*** Begin section ***

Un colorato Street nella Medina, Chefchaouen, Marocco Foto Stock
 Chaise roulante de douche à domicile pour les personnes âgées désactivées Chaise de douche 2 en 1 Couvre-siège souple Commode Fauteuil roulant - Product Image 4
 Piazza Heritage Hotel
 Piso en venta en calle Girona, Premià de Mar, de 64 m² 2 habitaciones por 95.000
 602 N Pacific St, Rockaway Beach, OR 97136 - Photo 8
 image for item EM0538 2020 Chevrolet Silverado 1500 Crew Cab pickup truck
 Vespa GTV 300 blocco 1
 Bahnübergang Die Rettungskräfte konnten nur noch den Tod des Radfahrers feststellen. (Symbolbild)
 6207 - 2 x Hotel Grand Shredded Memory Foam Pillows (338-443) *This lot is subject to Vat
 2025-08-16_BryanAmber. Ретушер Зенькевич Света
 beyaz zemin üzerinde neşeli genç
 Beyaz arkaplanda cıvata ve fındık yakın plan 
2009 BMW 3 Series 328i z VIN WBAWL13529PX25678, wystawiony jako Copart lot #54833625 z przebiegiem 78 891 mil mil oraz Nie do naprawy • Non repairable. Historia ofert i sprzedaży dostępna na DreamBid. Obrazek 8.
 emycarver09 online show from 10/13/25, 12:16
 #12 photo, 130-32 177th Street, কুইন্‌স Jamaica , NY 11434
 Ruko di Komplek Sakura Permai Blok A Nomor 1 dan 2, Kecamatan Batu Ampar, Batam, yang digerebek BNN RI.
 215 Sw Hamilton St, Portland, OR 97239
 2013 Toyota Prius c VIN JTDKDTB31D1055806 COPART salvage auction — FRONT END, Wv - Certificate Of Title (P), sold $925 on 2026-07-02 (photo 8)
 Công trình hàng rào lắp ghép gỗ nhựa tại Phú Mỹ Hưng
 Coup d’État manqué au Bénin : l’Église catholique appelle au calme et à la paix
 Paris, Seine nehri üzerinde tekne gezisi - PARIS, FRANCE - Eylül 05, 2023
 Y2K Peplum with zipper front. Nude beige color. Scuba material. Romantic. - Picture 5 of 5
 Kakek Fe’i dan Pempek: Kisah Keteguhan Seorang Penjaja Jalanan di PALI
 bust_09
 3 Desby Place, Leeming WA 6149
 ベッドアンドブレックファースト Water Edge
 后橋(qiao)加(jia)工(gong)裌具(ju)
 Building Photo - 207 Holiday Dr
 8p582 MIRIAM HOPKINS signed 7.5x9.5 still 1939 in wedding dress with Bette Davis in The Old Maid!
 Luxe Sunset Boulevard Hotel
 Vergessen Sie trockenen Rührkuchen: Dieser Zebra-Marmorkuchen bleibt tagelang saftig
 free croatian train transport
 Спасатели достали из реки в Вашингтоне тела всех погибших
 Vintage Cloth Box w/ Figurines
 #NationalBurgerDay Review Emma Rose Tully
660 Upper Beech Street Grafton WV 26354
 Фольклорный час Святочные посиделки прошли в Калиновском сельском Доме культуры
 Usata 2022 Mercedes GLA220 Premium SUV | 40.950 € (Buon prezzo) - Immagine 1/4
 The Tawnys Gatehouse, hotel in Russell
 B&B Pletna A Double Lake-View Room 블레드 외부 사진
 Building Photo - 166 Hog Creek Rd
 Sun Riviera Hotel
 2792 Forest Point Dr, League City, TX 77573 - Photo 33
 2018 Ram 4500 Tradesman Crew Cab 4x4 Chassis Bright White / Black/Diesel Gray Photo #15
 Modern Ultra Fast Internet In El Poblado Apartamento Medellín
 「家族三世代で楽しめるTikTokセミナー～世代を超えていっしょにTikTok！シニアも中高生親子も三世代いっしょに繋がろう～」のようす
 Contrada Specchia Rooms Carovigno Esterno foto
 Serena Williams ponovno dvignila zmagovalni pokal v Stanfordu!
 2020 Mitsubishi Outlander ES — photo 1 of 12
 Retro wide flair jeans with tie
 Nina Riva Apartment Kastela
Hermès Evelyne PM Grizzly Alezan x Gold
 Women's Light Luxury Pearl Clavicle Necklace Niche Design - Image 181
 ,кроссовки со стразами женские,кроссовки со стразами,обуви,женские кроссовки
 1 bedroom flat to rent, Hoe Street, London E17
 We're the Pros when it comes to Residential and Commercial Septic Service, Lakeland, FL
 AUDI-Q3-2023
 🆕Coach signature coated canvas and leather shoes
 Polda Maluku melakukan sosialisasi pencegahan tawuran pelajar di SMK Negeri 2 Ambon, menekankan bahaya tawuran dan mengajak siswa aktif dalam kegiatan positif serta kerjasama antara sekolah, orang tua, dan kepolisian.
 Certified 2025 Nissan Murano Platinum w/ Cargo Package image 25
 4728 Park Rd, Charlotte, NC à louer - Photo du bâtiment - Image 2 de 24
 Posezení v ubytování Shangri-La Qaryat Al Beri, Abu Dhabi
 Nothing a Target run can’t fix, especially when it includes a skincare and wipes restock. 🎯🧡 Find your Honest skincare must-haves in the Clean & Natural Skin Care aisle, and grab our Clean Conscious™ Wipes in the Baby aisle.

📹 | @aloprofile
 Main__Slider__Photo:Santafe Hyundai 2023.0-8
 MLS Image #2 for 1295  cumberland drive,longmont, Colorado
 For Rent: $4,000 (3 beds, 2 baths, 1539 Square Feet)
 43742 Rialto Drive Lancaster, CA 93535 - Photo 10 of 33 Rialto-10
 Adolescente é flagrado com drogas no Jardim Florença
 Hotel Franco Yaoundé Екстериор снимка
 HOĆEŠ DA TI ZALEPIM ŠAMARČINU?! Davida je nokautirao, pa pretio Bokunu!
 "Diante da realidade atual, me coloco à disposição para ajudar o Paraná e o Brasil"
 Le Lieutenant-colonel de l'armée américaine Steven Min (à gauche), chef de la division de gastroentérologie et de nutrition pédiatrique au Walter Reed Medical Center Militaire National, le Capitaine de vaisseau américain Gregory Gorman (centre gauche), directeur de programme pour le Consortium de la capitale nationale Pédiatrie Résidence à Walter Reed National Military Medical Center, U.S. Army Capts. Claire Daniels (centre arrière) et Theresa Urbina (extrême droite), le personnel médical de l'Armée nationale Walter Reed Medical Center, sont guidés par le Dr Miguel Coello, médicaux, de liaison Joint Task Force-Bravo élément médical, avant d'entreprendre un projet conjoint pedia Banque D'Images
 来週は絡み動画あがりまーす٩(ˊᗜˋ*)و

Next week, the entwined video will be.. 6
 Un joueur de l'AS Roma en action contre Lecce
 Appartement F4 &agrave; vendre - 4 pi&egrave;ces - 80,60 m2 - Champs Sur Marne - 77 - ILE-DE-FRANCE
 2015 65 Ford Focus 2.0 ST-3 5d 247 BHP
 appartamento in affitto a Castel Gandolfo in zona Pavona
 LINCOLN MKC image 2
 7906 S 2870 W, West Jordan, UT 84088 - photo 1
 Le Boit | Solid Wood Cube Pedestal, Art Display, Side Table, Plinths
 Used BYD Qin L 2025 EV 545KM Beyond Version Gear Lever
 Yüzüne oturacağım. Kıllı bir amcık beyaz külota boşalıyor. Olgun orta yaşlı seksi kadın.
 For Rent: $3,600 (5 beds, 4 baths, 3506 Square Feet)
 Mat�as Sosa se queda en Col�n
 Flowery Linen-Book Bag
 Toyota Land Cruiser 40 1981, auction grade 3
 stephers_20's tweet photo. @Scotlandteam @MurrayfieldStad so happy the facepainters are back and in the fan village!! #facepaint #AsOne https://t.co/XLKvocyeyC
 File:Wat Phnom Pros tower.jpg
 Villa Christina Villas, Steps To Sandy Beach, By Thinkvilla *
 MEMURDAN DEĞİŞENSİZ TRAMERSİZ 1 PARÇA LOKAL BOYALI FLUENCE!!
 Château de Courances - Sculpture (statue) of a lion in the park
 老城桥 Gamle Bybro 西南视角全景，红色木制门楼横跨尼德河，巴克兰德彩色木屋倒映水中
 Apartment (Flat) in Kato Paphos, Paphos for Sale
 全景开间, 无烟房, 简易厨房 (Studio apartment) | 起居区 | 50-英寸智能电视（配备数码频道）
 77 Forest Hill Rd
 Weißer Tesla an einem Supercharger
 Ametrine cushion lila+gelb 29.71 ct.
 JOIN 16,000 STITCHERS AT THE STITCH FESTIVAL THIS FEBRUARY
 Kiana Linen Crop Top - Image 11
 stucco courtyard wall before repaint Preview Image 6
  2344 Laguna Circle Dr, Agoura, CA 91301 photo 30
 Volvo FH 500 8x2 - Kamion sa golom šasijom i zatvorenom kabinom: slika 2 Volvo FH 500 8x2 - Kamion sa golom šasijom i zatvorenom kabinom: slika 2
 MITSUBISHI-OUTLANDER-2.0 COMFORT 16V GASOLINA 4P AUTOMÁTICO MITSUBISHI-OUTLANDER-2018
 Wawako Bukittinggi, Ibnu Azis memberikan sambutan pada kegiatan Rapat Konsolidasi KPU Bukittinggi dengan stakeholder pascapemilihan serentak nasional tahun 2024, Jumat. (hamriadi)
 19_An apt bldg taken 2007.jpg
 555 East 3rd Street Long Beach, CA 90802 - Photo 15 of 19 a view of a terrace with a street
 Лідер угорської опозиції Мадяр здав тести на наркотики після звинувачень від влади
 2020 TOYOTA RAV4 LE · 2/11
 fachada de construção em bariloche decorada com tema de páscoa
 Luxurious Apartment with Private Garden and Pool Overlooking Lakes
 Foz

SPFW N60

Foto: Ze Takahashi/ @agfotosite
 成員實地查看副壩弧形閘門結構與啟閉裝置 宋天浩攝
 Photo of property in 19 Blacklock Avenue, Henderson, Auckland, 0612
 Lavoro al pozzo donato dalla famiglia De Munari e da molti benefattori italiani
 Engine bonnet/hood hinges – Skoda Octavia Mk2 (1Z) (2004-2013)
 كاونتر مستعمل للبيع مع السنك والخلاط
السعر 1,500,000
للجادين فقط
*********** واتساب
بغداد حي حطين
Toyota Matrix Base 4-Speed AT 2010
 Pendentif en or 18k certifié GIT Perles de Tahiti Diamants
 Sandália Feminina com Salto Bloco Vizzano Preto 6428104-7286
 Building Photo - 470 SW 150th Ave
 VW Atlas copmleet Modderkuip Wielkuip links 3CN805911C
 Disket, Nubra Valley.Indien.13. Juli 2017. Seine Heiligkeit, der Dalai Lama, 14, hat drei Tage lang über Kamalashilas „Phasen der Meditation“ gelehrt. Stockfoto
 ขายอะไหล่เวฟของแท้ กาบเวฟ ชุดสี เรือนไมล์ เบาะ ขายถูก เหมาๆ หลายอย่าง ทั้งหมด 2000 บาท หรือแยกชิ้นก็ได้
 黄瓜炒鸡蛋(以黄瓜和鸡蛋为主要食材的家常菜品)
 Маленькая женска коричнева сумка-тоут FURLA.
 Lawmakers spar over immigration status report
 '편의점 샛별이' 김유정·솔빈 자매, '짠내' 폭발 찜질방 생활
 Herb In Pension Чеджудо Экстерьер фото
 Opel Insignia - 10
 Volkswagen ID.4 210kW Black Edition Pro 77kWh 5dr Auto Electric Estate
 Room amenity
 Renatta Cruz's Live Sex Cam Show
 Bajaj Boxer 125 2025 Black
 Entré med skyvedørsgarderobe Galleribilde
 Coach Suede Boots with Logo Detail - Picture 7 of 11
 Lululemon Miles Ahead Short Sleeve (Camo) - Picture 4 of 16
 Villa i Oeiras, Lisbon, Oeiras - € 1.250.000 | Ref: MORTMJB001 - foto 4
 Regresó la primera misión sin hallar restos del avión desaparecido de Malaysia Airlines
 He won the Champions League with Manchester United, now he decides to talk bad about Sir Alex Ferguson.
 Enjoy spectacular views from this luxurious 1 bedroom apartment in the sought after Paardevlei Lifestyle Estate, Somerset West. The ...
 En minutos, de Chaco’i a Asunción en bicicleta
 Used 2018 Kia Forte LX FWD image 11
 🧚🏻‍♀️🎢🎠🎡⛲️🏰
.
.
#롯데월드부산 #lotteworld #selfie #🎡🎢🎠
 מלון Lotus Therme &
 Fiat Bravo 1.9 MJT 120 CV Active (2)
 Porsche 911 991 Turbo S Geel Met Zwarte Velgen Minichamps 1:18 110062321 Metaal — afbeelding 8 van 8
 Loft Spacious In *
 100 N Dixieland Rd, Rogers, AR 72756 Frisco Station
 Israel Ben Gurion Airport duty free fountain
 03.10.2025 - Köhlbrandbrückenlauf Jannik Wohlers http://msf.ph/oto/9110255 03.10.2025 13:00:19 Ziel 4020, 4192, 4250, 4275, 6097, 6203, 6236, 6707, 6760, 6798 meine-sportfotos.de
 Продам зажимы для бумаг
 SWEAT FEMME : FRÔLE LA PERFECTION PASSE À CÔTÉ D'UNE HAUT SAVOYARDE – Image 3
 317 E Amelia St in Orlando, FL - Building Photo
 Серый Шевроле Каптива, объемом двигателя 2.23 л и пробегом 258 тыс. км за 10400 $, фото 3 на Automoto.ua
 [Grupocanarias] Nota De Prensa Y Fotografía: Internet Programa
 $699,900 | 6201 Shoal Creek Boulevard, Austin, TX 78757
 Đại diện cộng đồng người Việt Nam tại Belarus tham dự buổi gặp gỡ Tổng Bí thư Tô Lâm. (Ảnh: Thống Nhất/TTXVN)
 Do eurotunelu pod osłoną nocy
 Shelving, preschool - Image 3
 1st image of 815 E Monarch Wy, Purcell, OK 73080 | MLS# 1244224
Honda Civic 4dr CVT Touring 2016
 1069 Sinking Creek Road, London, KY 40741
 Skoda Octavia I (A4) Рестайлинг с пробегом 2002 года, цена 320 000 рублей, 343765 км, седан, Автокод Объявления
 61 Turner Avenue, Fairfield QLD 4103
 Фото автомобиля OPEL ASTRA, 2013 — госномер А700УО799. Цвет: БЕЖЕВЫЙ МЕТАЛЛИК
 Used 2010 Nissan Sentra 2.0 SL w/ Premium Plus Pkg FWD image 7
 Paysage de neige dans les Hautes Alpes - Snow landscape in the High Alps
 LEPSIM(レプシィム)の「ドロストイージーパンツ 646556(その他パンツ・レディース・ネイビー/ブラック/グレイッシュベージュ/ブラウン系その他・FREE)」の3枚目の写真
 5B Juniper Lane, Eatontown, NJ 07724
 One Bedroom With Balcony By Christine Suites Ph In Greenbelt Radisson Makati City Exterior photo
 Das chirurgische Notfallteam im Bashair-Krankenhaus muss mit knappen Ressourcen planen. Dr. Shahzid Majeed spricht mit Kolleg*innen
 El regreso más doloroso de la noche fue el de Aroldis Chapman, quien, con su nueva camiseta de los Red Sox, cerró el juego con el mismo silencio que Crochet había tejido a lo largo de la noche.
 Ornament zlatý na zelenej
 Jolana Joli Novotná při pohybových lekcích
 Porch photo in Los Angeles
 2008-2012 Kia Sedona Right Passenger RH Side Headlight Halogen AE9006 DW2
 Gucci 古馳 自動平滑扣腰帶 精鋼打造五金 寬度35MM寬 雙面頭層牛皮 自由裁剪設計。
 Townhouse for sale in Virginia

*** End section ***

▶ [Exercise]: Select the lines in this material that hold the word "Forest", leaving none out.

▶ [Answer space]:
 2792 Forest Point Dr, League City, TX 77573 - Photo 33
 77 Forest Hill Rd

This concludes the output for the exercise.